Par Assou AFANGLO
L'appel lancé aux filles et fils du Burkina Faso de l'extérieur a un objectif de mobilisation globale de 240 milliards de francs Cfa sur la période 2026-2027. La campagne est ouverte du 6 mai au 6 juin avec un montant minimum de souscription fixé à 10.000 francs Cfa.
Selon les autorités, ces fonds vont permettre au Burkina Faso de mettre en œuvre plusieurs projets structurants, dont une zone franche agro-industrielle, une usine de production d’engrais, des infrastructures énergétiques, des unités de valorisation des déchets, un ambitieux programme de logements sociaux et des infrastructures routières majeures.
En plus de l’impact de cet emprunt dans le développement socio-économique du pays, cette opération revêt un caractère attractif avec des rendements de 6,75% et 6,85% sur des maturités de 5 et 7 ans, le tout exonéré d’impôts.
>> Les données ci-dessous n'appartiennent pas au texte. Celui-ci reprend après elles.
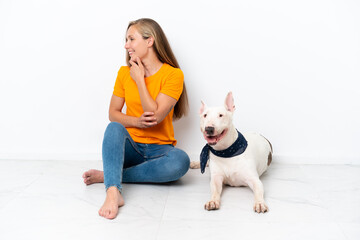 Obraz premium Young English woman sitting on the floor with her dog isolated on white background looking side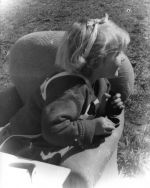 Medium shot of a young child facing away from the camera sitting in a small lounge chair outside on the grass. Portrait of a Child, Circa 1955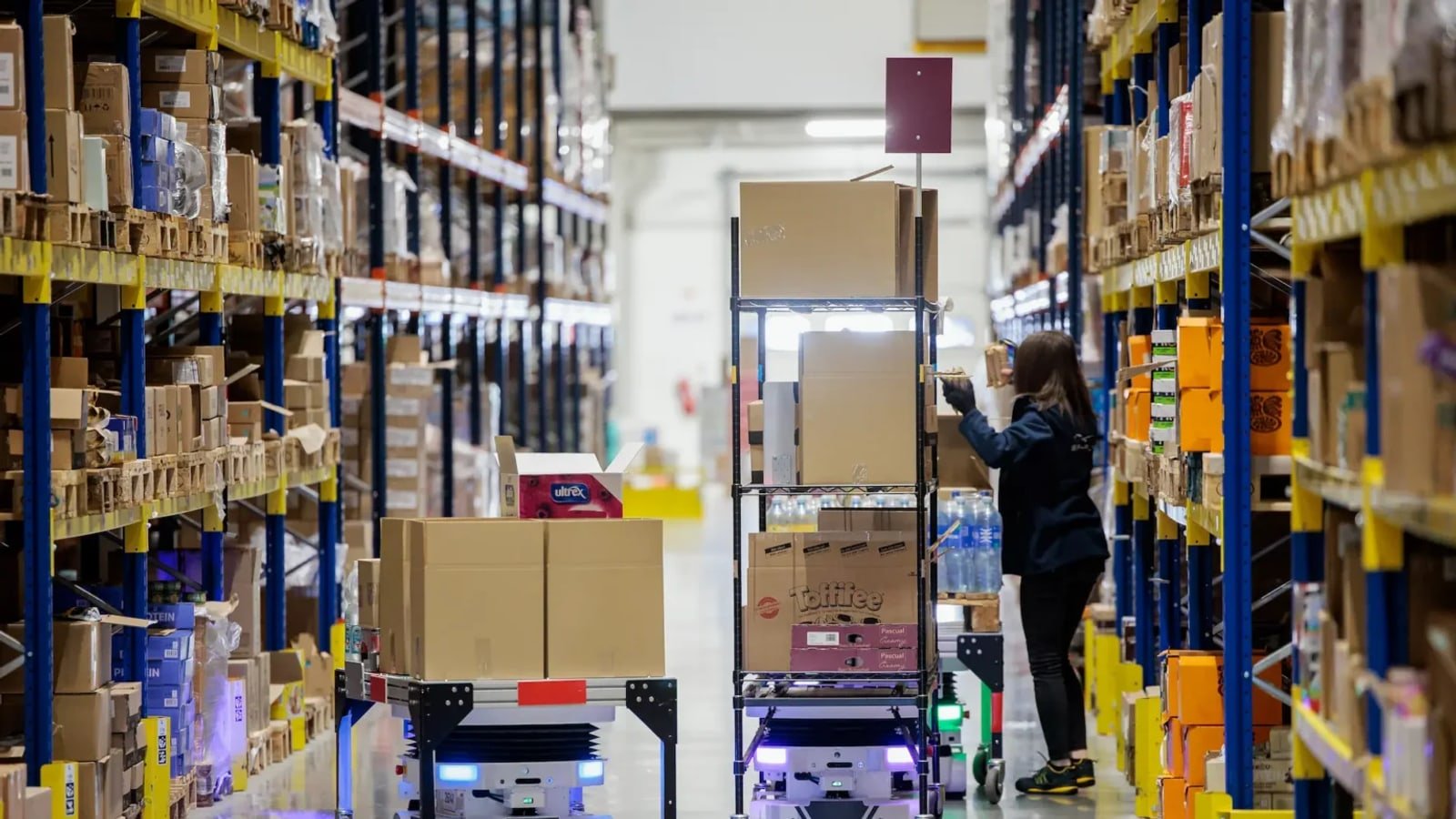 Corsia di magazzino con scaffali e attività di picking robotico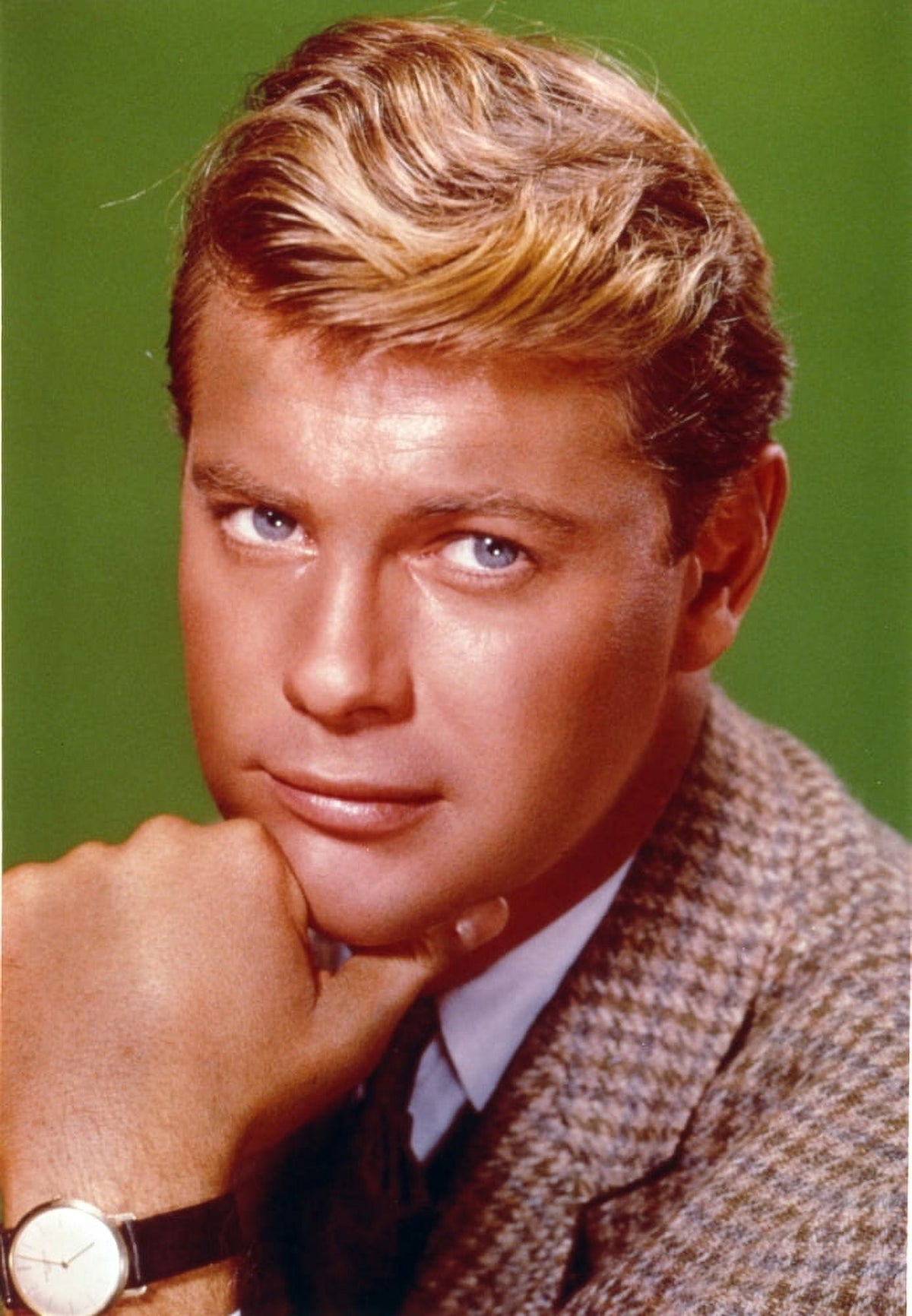 Close-up portrait photo print of Troy Donahue on a green background.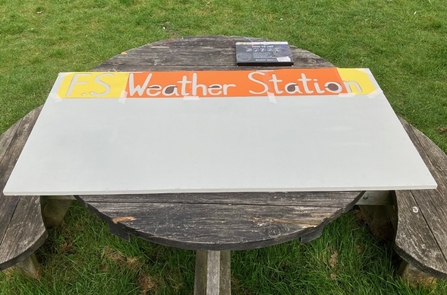 Forest School weather station; a board resting on a wooden table with "F.F Weather Station" on the top.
L'emprunt obligatoire, un choix stratégique gagnant-gagnant selon les autorités burkinabè
La cérémonie marquant le lancement officiel de l’opération a été présidée par le ministre de l'Économie et des Finances, Aboubakar Nacanabo et placée sous le parrainage du ministre des Affaires étrangères, Karamoko Jean-Marie Traoré.
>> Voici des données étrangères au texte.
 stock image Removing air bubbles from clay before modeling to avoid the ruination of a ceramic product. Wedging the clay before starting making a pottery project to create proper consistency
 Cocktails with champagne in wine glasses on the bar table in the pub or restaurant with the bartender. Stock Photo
Ce programme est porté par l'État burkinabè à travers le Trésor public en partenariat avec un consortium d’établissements financiers avec Vista Group Holding comme lead.
Dans un discours introductif, le président de Vista Group Holding, Simon Tiemtoré, a indiqué qu’il s’agit d’un mécanisme pour canaliser l’épargne de la diaspora, en offrant un cadre transparent et sécurisé tout en renforçant le lien économique entre le Burkina Faso et ses citoyens de l’extérieur.
En procédant au lancement de ce nouveau mécanisme de financement, Aboubakar Nacanabo a présenté les opportunités de ce type d’investissement pour les souscripteurs. « Avec le lancement des "diaspora bonds", que nous avons choisi d’appeler, le Burkina Faso franchit une étape décisive dans la mobilisation des ressources en s’appuyant sur ce qu’il a de plus précieux, ses filles et ses fils », a déclaré le ministre Nacanabo.
Cette stratégie innovante de l’investissement marque selon le ministre , « une rupture, une affirmation, une décision corrective consistant à prendre en main avec lucidité et détermination, le financement du développement du pays ».
Il a aussi insisté sur la sécurité et la fiabilité de cette opération en mettant l’accent sur les opportunités pour les souscripteurs. « L’emprunt obligataire n’est ni un appel à l’aide, ni un acte de charité, c’est un placement rentable, un investissement sécurisé, un choix stratégique gagnant-gagnant », a-t-il soutenu.
Le parrain de la cérémonie de lancement, Karamoko Jean-Marie Traoré a exprimé toute sa fierté pour la concrétisation de ce projet pionnier.
« Ce que nous lançons aujourd’hui ce n’est pas un simple produit financier, c’est un pont entre la nation et ses filles et fils, un pont entre le présent et l’avenir, un pont entre l’effort individuel et la réussite collective » a-t-il affirmé.